### Work to be completed
Scan the records for "Picture". Report each line that includes it.

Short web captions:
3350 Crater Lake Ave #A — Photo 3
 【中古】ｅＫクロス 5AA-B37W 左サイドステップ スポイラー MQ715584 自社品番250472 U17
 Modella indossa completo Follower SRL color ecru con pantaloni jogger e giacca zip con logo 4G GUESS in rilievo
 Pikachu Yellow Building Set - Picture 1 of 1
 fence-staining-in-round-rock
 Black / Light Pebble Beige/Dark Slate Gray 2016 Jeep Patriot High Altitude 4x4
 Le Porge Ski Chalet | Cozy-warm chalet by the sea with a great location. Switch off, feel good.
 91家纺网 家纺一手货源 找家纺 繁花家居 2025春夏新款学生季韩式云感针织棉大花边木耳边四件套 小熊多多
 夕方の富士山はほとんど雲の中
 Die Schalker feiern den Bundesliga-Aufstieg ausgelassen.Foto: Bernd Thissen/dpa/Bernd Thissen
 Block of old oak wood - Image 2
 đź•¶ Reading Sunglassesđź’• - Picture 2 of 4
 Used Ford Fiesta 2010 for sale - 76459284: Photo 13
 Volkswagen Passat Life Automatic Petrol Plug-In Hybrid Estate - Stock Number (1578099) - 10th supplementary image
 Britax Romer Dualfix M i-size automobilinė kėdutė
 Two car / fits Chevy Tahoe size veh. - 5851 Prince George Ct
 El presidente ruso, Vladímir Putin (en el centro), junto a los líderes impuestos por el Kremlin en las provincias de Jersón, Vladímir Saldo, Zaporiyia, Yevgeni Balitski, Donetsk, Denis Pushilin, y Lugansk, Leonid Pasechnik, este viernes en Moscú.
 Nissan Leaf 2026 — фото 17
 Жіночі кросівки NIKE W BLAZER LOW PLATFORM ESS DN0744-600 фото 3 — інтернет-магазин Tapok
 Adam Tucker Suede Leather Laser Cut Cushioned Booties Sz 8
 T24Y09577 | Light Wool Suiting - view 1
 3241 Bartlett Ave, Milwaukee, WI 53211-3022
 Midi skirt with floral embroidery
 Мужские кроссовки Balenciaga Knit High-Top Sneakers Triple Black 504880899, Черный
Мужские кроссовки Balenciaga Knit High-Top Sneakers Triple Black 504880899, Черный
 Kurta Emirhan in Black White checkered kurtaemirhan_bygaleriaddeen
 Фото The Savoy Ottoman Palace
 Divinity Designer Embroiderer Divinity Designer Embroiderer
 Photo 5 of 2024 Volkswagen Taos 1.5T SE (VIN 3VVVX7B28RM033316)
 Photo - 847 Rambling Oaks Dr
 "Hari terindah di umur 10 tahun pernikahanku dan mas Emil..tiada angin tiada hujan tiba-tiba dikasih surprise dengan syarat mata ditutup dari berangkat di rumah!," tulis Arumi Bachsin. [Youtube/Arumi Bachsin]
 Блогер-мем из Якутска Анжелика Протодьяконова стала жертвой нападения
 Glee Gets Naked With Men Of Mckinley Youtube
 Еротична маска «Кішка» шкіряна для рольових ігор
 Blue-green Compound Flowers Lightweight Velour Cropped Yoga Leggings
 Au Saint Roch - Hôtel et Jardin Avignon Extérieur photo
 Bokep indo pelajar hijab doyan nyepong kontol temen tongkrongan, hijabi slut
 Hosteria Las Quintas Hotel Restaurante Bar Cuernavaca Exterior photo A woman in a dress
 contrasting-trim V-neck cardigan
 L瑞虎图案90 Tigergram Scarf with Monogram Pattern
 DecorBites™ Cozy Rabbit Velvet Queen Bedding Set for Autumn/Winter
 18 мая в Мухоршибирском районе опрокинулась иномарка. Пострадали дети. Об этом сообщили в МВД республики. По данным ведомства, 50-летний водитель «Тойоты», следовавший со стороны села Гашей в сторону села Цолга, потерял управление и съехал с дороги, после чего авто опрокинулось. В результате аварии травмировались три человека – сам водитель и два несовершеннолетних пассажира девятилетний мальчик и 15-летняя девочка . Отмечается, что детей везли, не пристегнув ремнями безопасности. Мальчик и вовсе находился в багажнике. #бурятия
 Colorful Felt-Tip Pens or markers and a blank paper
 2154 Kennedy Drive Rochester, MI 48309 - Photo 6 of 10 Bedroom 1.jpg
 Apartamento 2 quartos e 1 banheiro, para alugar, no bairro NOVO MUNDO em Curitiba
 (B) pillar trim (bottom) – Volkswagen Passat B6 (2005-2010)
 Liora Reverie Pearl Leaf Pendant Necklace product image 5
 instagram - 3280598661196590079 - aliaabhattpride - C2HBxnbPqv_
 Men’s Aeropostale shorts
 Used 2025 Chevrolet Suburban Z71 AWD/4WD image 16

### Result below
 Pikachu Yellow Building Set - Picture 1 of 1
 đź•¶ Reading Sunglassesđź’• - Picture 2 of 4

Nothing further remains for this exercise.